The problem: The part below that opens with the line containing "Size 7.5 hot" and closes with the line containing "Tom DesLongchamp tweet media" should be copied exactly, minus any pictures.

Records from a data collection
==========

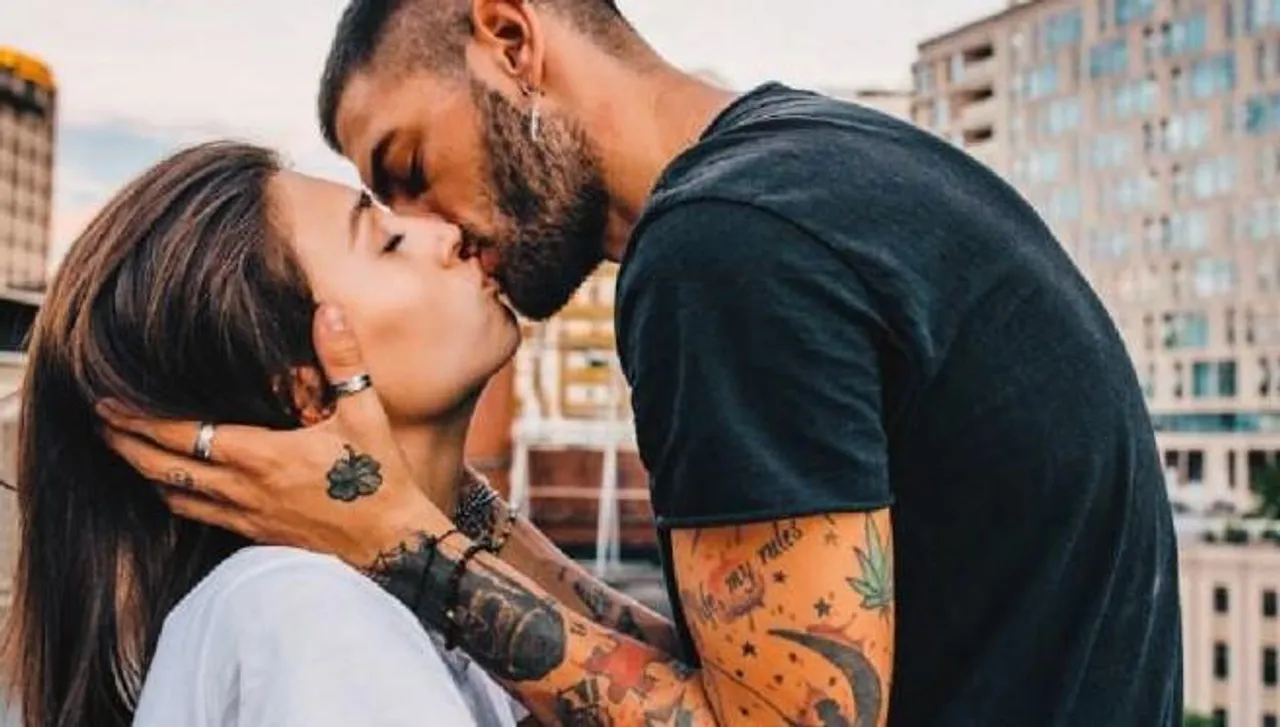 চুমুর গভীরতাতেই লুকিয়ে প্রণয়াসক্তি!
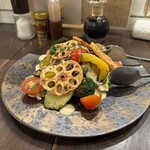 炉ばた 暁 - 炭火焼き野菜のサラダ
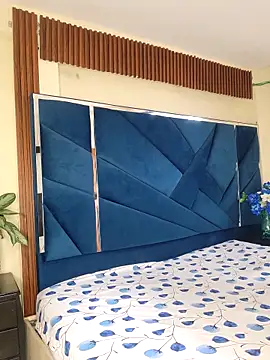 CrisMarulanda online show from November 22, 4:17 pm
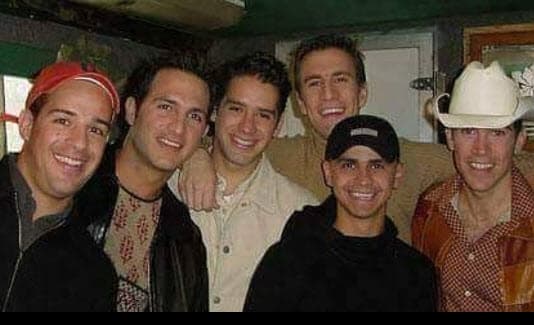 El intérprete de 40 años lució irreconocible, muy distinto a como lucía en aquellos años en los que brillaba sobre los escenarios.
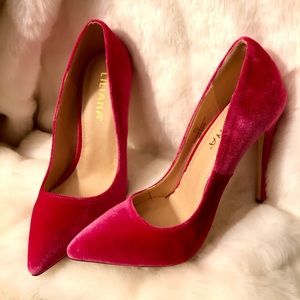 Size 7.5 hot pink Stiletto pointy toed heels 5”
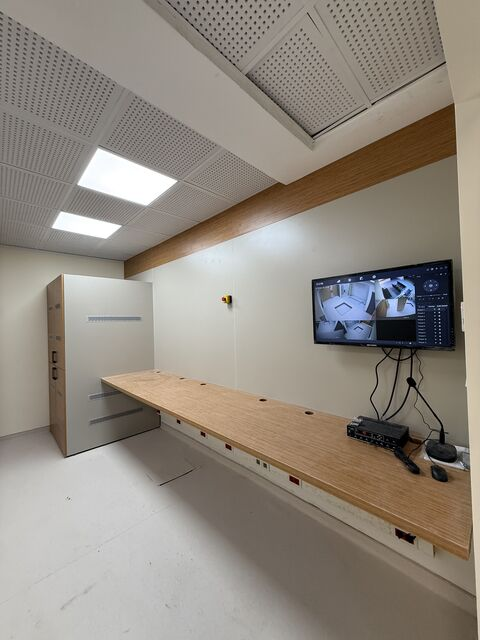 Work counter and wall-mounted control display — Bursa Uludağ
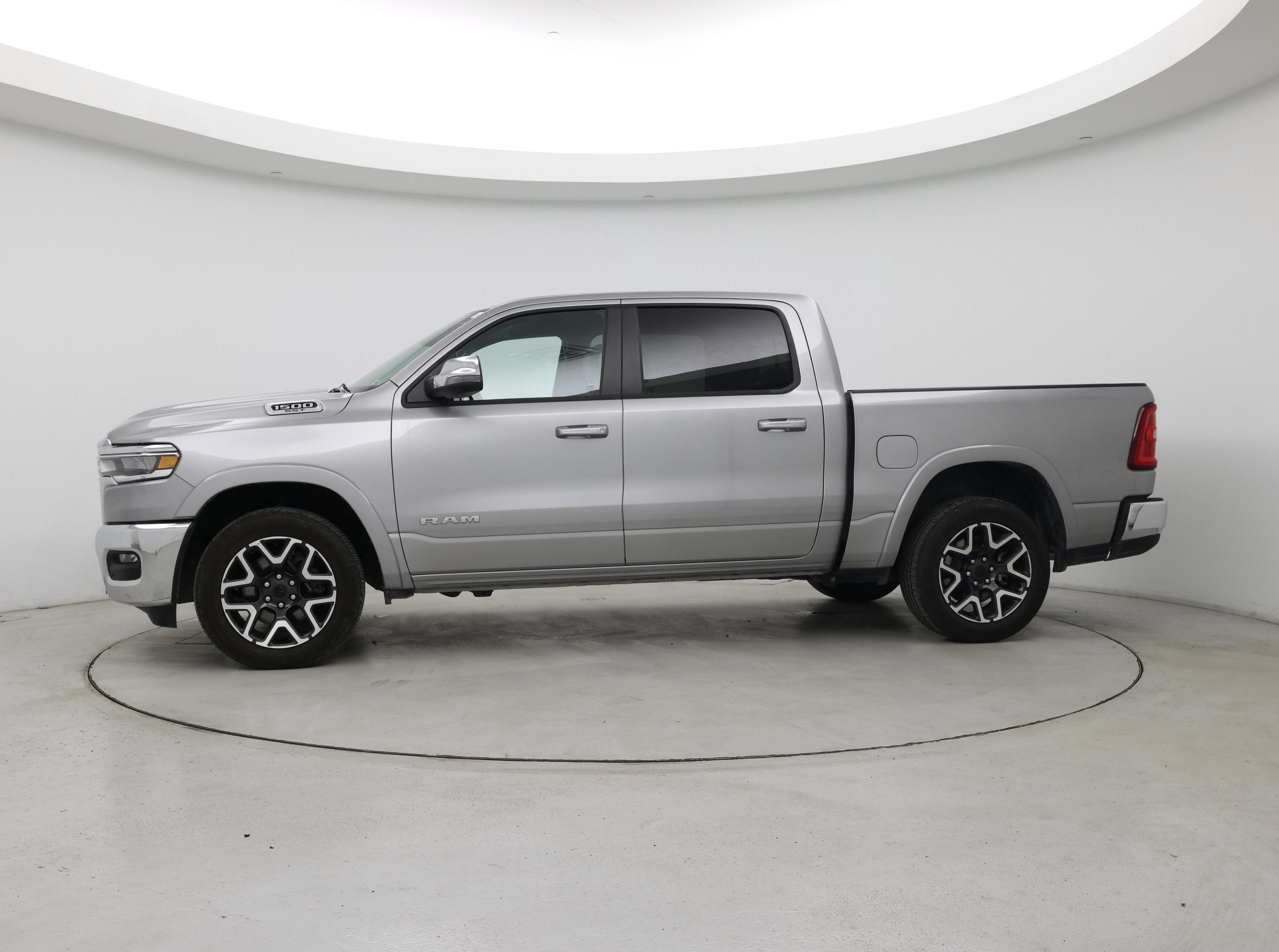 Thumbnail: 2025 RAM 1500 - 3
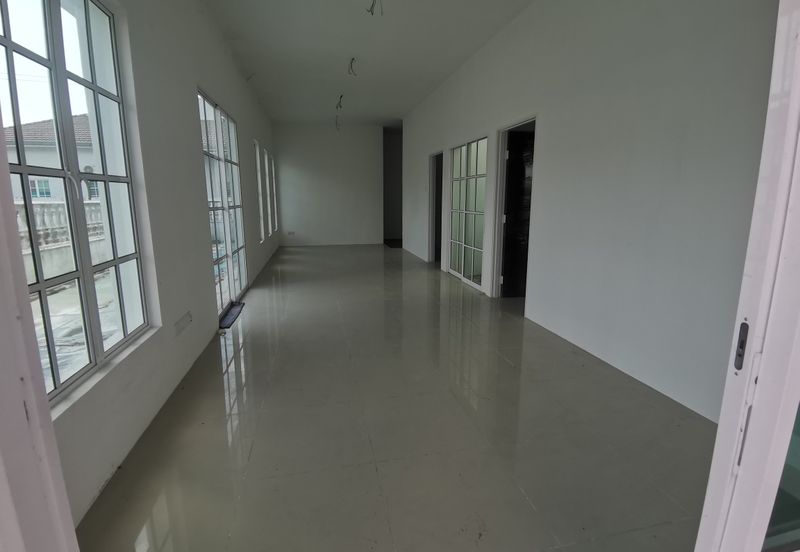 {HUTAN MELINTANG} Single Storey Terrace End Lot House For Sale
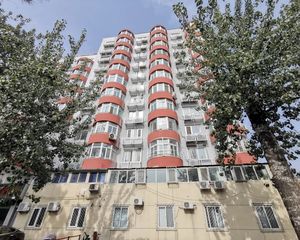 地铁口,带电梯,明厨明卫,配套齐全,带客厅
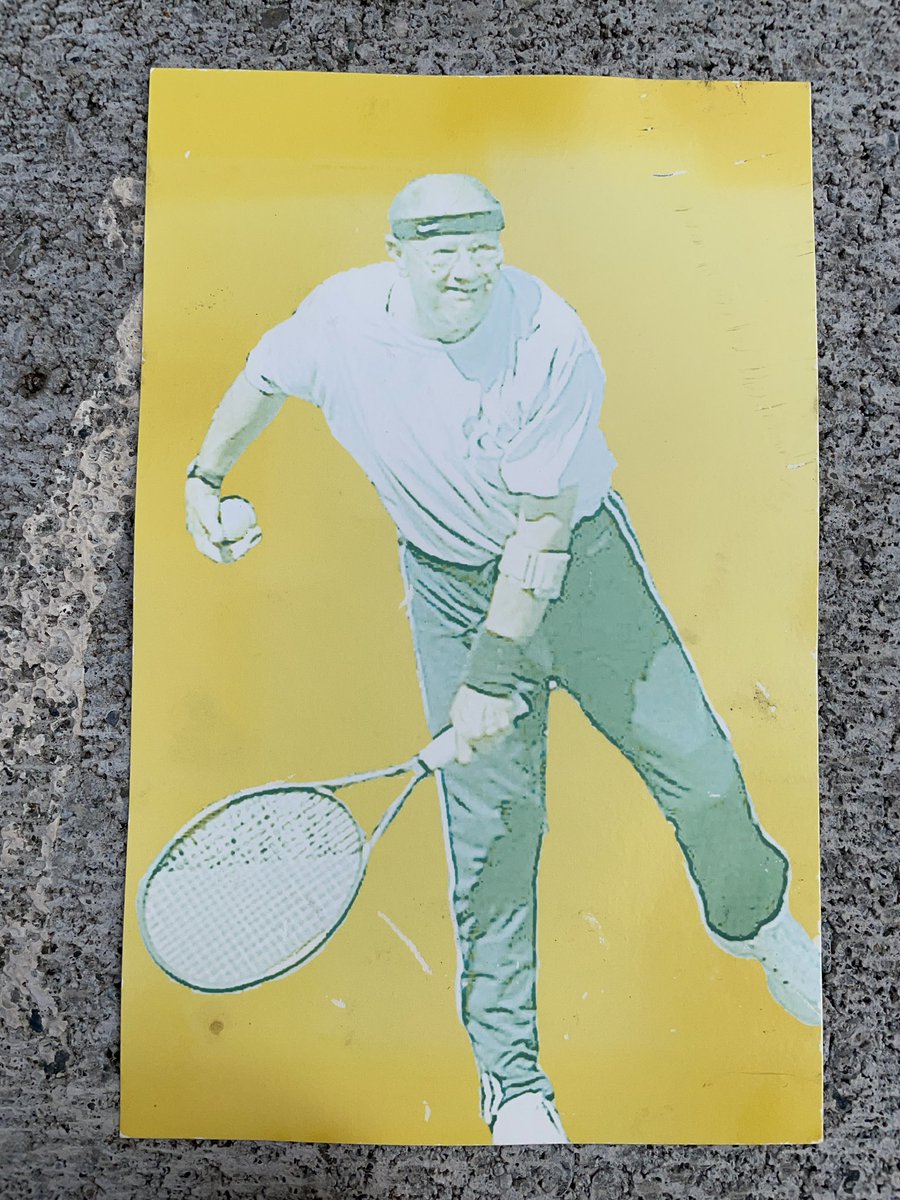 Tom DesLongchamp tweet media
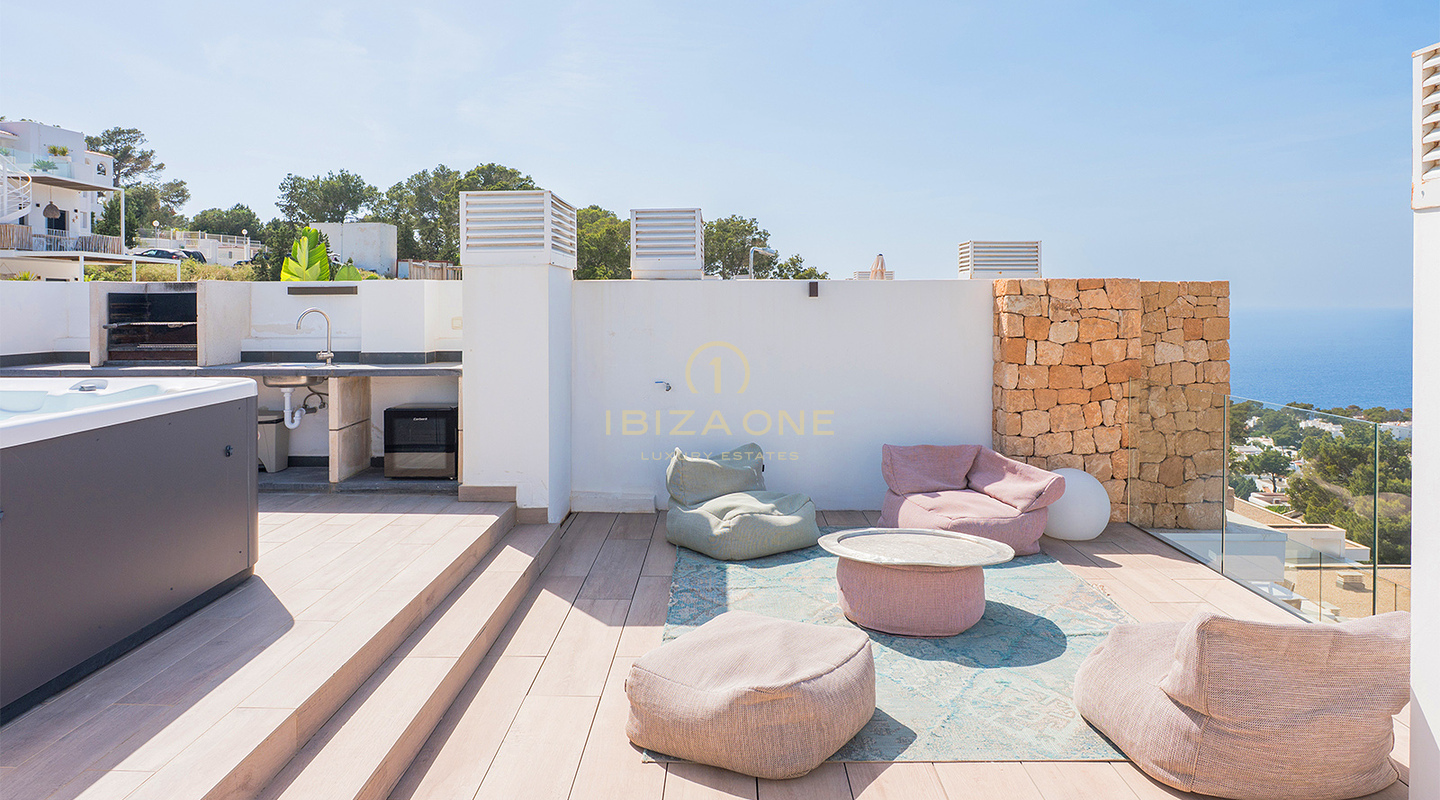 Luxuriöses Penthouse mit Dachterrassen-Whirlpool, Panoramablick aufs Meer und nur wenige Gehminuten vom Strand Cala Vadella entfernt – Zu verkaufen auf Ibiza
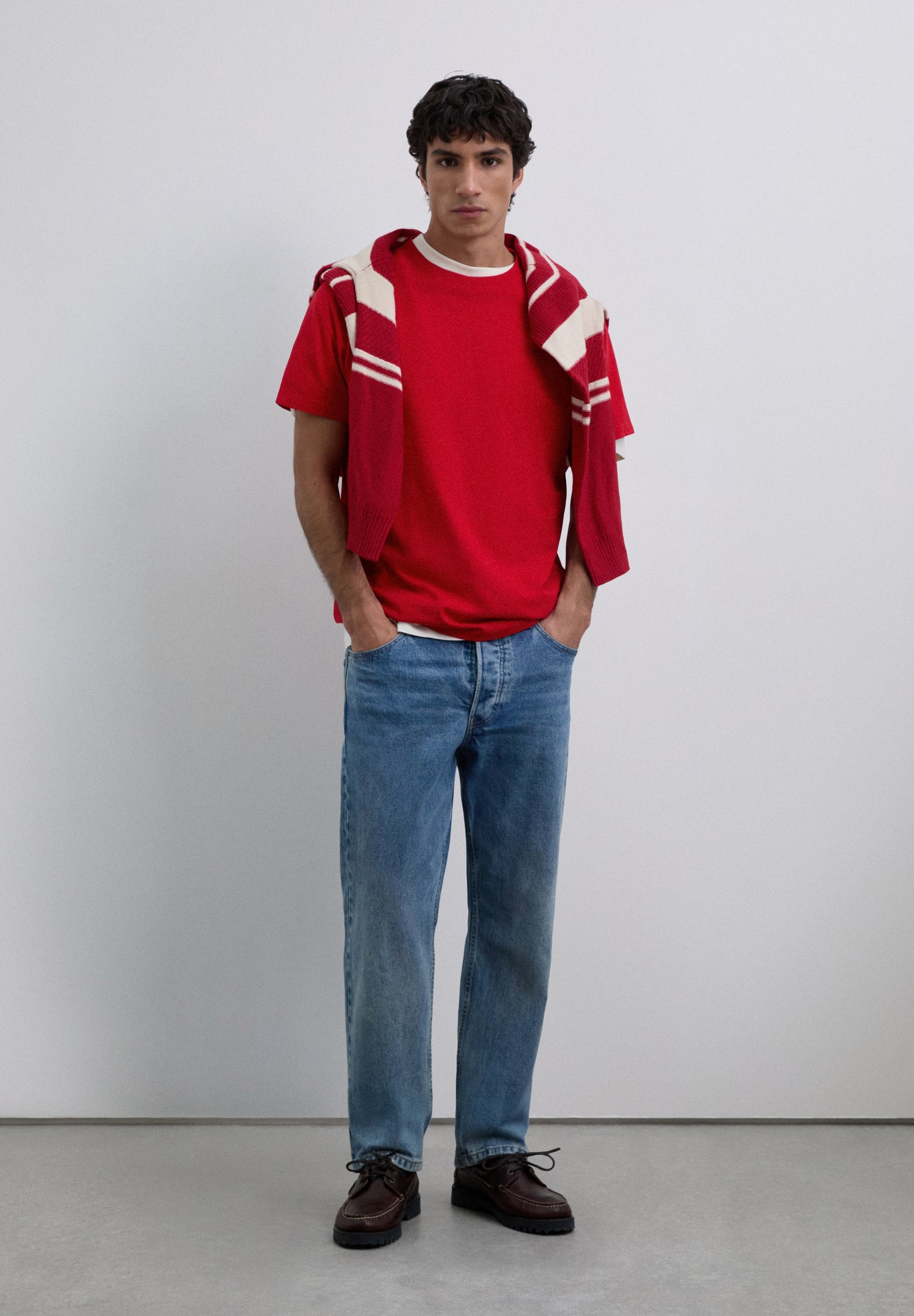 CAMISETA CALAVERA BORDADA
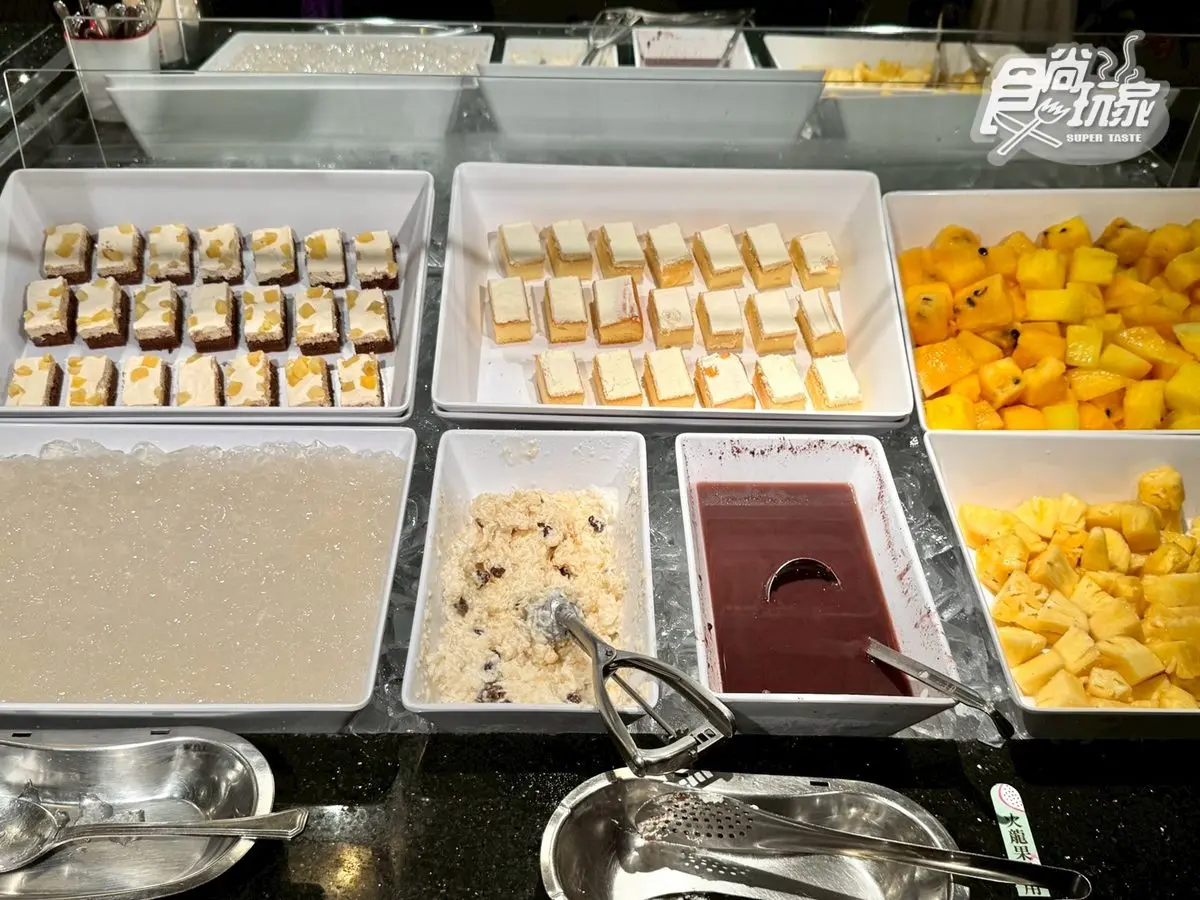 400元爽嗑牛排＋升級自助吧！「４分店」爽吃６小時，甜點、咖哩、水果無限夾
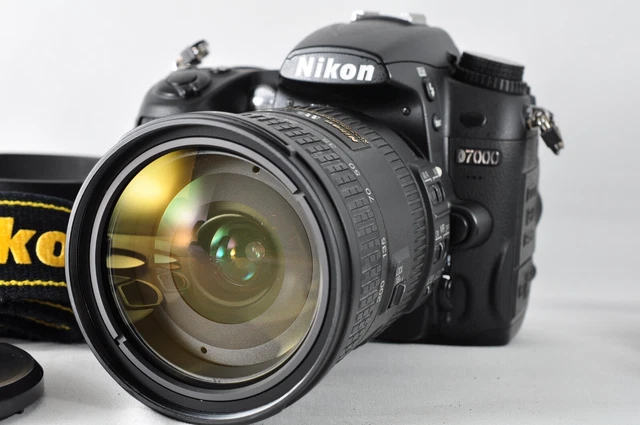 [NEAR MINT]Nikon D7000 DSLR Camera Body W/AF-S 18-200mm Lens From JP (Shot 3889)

==========

Answer to the exercise:
 Size 7.5 hot pink Stiletto pointy toed heels 5”
 Work counter and wall-mounted control display — Bursa Uludağ
 Thumbnail: 2025 RAM 1500 - 3
 {HUTAN MELINTANG} Single Storey Terrace End Lot House For Sale
 地铁口,带电梯,明厨明卫,配套齐全,带客厅
 Tom DesLongchamp tweet media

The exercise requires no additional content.